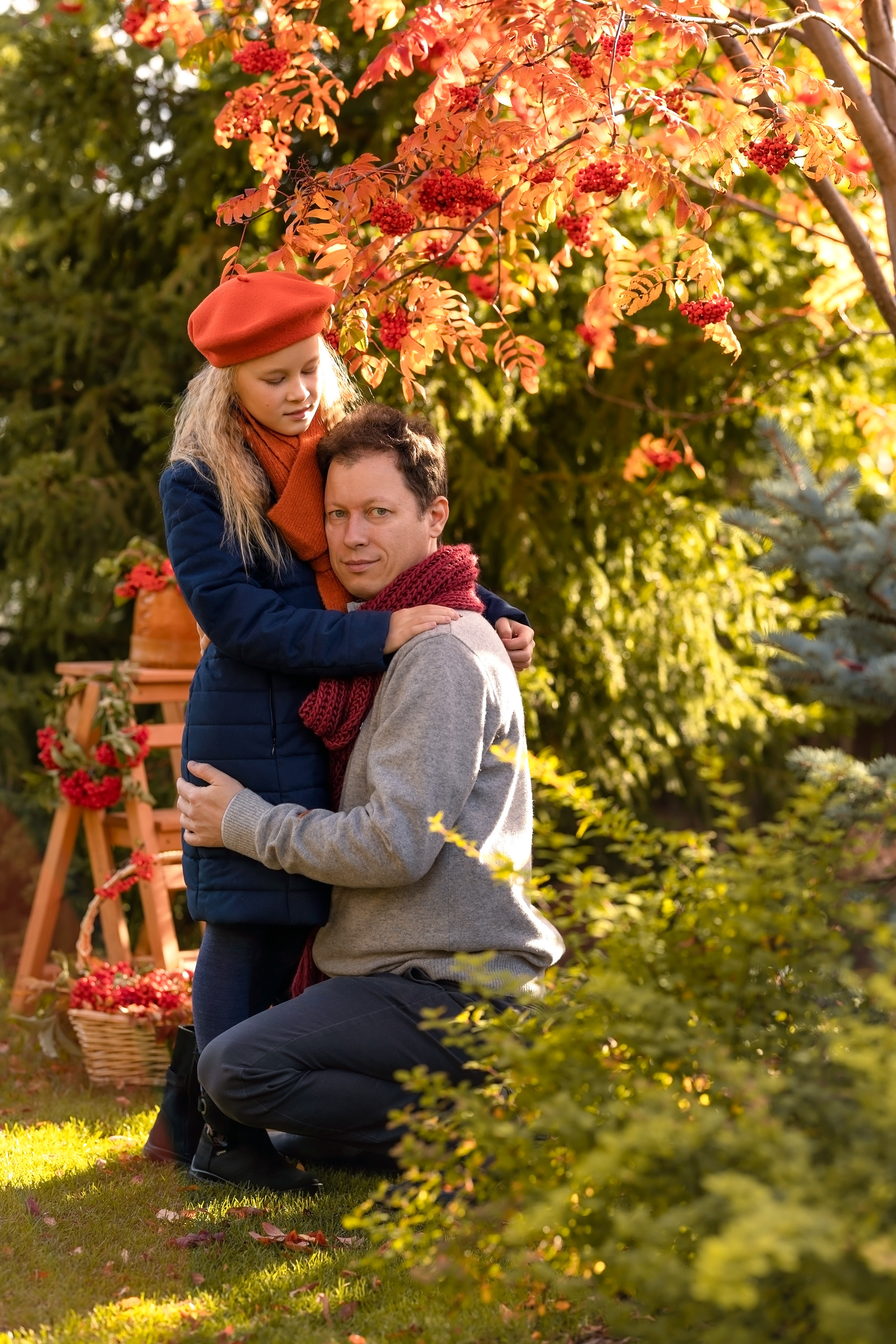 Девочка с мужчиной папой возле осенней рябины. Фотосессия осенью.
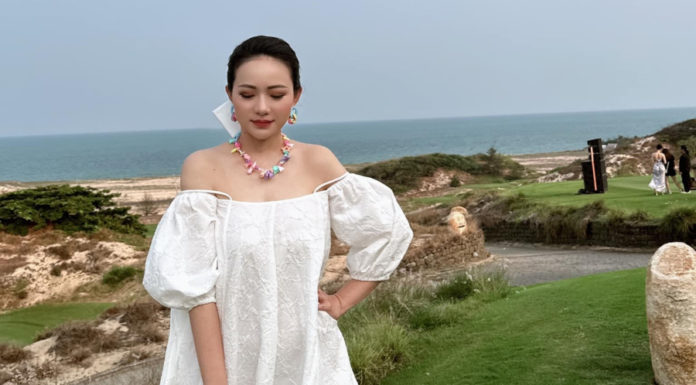 The famous supermodel stays slim all year without eating to maintain her slender figure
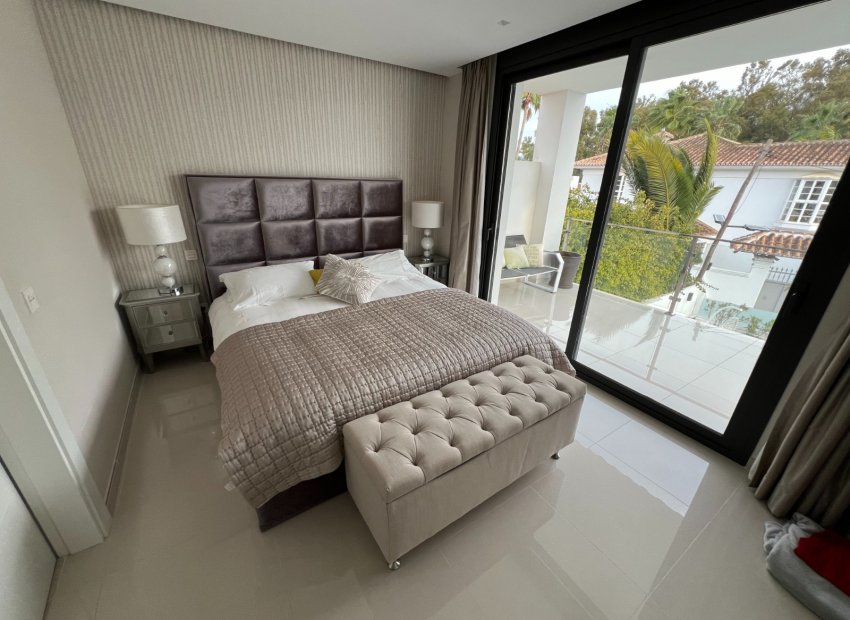 Resale - Villa - Marbella - San Pedro Alcántara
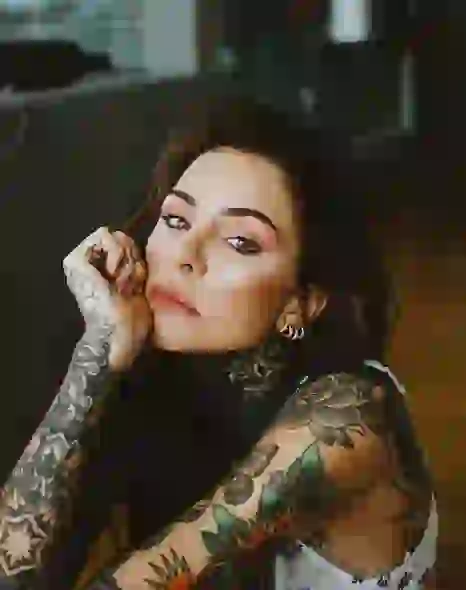 Candelaria se tatuó el rostro por segunda vez.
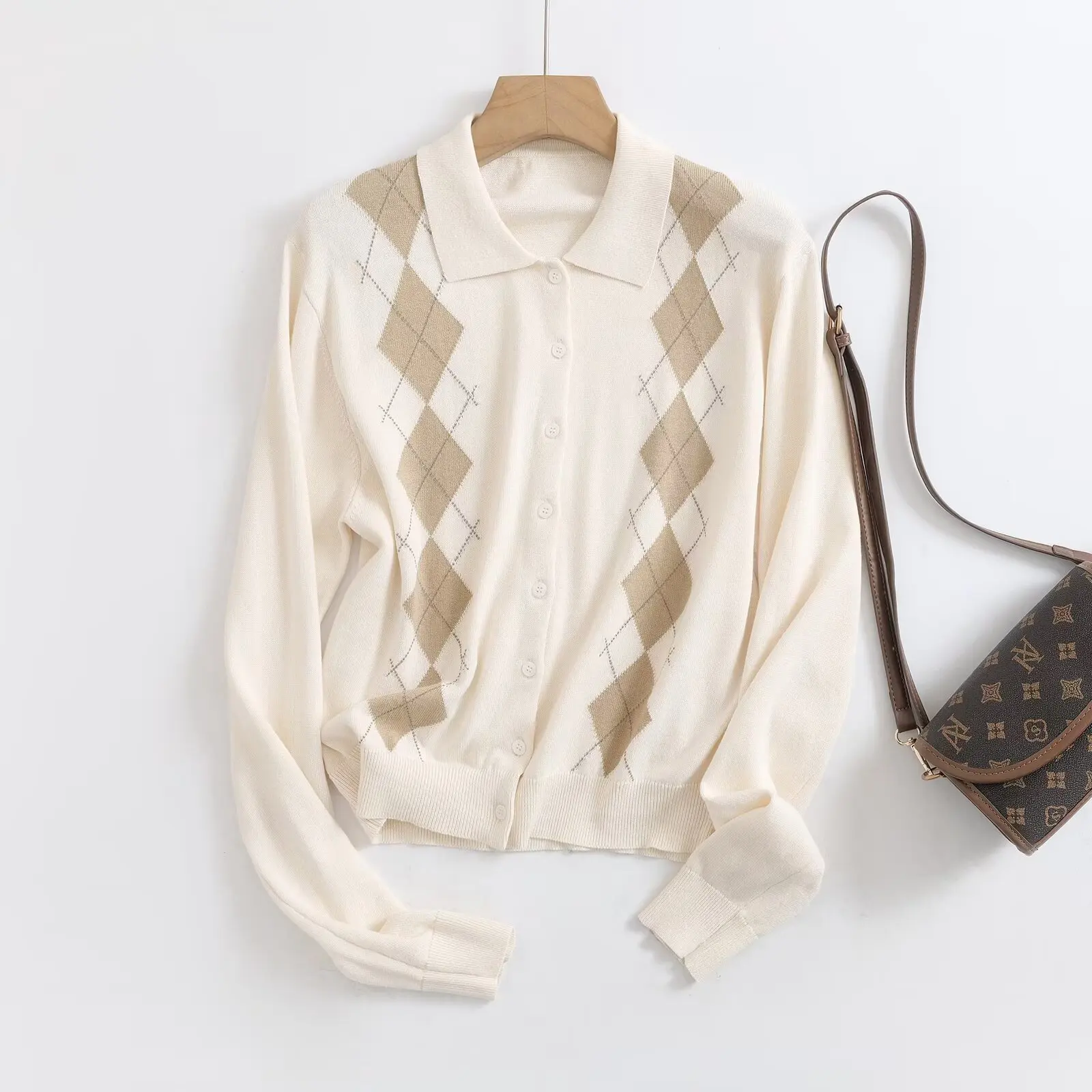 

Ethereal MD 2026 YAZHIMEI: Новая весенняя коллекция женских повседневных вязаных кардиганов с воротником-поло и ромбовидным узором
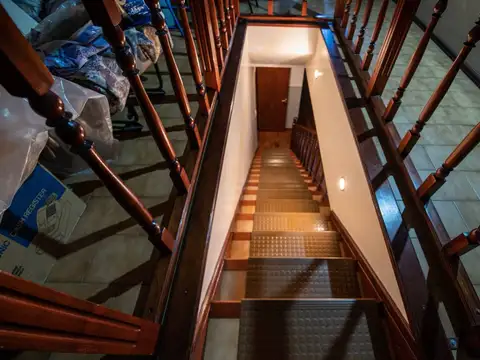 VENTA SALON + HERMOSO DEPARTAMENTO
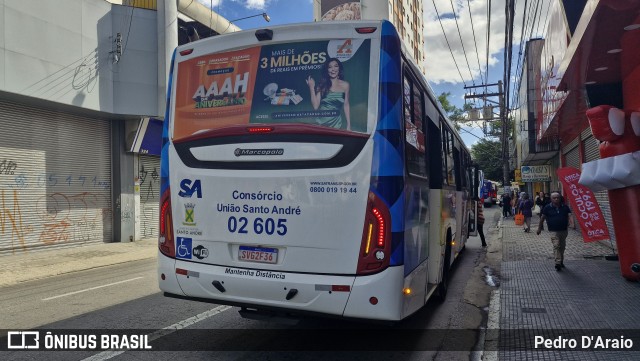Viação Vaz 02 605 na cidade de Santo André, São Paulo, Brasil, por Pedro D'Araio. Número da foto: #13131109.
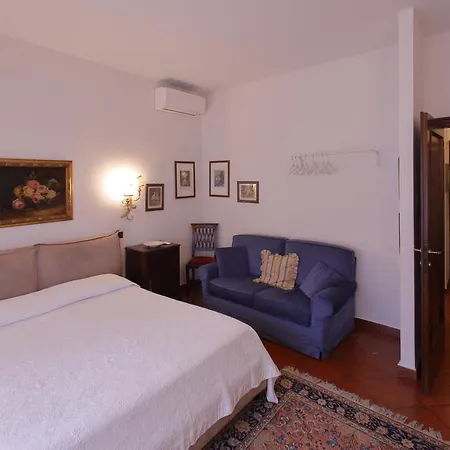 Domus Sirmione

> What the task requires: Repeat the exact lines from the first line of the data through the line containing "Candelaria se tatuó". Nothing else, no pictures.

> Expected output:
 Девочка с мужчиной папой возле осенней рябины. Фотосессия осенью.
 The famous supermodel stays slim all year without eating to maintain her slender figure
 Resale - Villa - Marbella - San Pedro Alcántara
 Candelaria se tatuó el rostro por segunda vez.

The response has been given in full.